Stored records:
━━━━━━━━━━

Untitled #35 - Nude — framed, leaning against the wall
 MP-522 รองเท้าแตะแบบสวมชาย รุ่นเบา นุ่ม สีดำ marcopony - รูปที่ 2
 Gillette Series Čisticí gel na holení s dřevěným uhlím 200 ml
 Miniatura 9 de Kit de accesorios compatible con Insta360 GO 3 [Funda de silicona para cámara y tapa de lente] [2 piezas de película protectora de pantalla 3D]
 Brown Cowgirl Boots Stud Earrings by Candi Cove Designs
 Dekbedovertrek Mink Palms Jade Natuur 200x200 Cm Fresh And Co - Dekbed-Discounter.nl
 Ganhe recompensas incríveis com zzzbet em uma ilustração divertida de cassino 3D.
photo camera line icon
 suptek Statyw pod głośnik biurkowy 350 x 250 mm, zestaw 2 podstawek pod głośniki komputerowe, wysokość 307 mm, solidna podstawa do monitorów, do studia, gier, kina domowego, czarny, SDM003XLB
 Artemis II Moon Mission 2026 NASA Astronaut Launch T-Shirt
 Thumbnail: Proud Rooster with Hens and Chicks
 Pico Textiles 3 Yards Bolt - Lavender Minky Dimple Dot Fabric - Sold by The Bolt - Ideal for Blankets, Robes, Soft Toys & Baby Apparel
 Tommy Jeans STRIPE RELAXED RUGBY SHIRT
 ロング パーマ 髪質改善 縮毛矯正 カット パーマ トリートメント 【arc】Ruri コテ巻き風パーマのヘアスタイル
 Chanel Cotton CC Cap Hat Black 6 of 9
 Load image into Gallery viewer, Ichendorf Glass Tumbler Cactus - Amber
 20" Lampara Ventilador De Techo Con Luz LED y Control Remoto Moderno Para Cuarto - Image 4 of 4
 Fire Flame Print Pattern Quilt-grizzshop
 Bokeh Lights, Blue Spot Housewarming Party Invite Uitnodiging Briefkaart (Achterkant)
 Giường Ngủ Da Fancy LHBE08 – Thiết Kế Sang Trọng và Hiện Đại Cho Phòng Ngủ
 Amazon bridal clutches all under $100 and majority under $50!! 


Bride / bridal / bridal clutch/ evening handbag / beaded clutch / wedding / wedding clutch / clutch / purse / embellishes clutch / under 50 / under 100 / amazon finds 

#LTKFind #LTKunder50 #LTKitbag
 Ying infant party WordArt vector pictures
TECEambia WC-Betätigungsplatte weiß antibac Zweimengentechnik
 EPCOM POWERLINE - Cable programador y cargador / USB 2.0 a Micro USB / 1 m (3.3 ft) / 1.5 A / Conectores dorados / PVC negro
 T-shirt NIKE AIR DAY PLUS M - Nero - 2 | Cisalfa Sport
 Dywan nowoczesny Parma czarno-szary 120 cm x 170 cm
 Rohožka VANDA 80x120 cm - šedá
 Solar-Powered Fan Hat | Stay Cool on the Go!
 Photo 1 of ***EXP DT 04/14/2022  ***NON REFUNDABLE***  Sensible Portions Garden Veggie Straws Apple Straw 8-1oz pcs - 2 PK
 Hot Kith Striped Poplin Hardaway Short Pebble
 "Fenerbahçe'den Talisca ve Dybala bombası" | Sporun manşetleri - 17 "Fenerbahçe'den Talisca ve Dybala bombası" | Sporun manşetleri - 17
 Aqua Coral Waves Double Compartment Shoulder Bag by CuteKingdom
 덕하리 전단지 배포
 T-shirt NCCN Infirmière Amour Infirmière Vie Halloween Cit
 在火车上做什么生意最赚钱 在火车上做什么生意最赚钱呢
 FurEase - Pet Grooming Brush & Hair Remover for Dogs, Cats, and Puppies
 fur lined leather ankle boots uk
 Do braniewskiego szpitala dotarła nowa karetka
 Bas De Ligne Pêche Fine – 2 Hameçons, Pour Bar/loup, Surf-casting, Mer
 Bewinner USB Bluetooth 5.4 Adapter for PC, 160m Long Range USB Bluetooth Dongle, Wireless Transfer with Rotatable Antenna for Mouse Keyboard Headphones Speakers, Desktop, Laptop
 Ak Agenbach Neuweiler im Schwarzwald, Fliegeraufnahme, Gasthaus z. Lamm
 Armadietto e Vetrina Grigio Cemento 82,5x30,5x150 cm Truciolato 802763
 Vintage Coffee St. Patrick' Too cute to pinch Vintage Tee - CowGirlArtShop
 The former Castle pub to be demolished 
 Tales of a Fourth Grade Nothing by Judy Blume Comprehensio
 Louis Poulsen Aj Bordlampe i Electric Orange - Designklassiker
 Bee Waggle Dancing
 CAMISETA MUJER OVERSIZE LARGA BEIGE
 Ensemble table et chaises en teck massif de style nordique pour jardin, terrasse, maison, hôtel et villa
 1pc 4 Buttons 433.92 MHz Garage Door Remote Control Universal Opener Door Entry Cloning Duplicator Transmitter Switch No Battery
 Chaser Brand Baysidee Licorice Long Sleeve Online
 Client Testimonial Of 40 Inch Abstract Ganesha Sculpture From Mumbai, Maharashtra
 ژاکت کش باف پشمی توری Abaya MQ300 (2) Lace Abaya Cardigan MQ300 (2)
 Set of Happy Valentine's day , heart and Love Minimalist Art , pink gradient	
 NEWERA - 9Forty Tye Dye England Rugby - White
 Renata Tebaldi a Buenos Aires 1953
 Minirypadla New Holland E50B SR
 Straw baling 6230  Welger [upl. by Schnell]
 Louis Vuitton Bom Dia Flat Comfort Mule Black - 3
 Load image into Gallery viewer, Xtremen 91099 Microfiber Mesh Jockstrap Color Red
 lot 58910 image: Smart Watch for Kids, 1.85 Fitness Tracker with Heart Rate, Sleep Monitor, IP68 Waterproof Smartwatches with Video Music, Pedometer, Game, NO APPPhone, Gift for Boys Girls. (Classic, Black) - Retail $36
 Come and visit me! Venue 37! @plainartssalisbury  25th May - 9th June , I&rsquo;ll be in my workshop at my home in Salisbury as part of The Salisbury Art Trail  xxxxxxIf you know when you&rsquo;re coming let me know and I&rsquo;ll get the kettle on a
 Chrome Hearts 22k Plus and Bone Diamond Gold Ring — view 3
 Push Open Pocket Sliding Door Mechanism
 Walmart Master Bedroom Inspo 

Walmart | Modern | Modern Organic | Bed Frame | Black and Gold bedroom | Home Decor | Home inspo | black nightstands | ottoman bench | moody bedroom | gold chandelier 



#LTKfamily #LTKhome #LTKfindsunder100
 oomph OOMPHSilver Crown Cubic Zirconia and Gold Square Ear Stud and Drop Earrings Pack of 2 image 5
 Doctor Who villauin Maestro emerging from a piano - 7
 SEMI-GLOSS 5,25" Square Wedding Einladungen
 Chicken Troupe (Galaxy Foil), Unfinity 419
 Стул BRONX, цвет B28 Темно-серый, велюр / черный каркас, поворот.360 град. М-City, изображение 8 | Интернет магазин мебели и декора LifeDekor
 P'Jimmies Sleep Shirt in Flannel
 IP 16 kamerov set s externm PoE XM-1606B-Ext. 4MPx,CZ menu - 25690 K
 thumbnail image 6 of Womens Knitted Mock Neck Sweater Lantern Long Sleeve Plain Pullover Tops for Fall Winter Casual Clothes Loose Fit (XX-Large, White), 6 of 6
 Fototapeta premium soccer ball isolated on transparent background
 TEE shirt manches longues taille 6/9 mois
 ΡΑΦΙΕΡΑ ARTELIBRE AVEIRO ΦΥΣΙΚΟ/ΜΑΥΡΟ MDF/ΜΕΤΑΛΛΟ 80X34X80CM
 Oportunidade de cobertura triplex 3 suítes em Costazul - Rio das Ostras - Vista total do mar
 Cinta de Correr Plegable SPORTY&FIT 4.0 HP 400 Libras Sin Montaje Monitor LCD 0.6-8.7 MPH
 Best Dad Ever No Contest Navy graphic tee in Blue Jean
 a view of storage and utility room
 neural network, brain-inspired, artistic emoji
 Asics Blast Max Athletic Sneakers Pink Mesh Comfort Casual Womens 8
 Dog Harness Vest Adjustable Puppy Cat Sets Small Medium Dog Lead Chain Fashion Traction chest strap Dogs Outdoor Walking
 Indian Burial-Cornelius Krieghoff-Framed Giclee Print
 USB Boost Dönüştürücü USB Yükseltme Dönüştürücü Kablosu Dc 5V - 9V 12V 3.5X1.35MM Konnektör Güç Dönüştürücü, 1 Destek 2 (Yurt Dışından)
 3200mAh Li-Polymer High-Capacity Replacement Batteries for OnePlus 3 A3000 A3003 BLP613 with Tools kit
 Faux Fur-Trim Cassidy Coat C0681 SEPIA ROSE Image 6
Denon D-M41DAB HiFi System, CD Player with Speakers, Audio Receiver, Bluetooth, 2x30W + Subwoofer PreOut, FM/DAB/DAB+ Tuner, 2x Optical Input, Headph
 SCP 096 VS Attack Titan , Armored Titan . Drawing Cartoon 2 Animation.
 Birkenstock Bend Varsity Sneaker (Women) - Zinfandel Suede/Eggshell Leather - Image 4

━━━━━━━━━━

Your goal >>
Please return the lines above that run from the line containing "Armadietto e Vetrina" to the line containing "Come and visit", inclusive, exactly and with no other lines.

Written reply >>
 Armadietto e Vetrina Grigio Cemento 82,5x30,5x150 cm Truciolato 802763
 Vintage Coffee St. Patrick' Too cute to pinch Vintage Tee - CowGirlArtShop
 The former Castle pub to be demolished 
 Tales of a Fourth Grade Nothing by Judy Blume Comprehensio
 Louis Poulsen Aj Bordlampe i Electric Orange - Designklassiker
 Bee Waggle Dancing
 CAMISETA MUJER OVERSIZE LARGA BEIGE
 Ensemble table et chaises en teck massif de style nordique pour jardin, terrasse, maison, hôtel et villa
 1pc 4 Buttons 433.92 MHz Garage Door Remote Control Universal Opener Door Entry Cloning Duplicator Transmitter Switch No Battery
 Chaser Brand Baysidee Licorice Long Sleeve Online
 Client Testimonial Of 40 Inch Abstract Ganesha Sculpture From Mumbai, Maharashtra
 ژاکت کش باف پشمی توری Abaya MQ300 (2) Lace Abaya Cardigan MQ300 (2)
 Set of Happy Valentine's day , heart and Love Minimalist Art , pink gradient	
 NEWERA - 9Forty Tye Dye England Rugby - White
 Renata Tebaldi a Buenos Aires 1953
 Minirypadla New Holland E50B SR
 Straw baling 6230  Welger [upl. by Schnell]
 Louis Vuitton Bom Dia Flat Comfort Mule Black - 3
 Load image into Gallery viewer, Xtremen 91099 Microfiber Mesh Jockstrap Color Red
 lot 58910 image: Smart Watch for Kids, 1.85 Fitness Tracker with Heart Rate, Sleep Monitor, IP68 Waterproof Smartwatches with Video Music, Pedometer, Game, NO APPPhone, Gift for Boys Girls. (Classic, Black) - Retail $36
 Come and visit me! Venue 37! @plainartssalisbury  25th May - 9th June , I&rsquo;ll be in my workshop at my home in Salisbury as part of The Salisbury Art Trail  xxxxxxIf you know when you&rsquo;re coming let me know and I&rsquo;ll get the kettle on a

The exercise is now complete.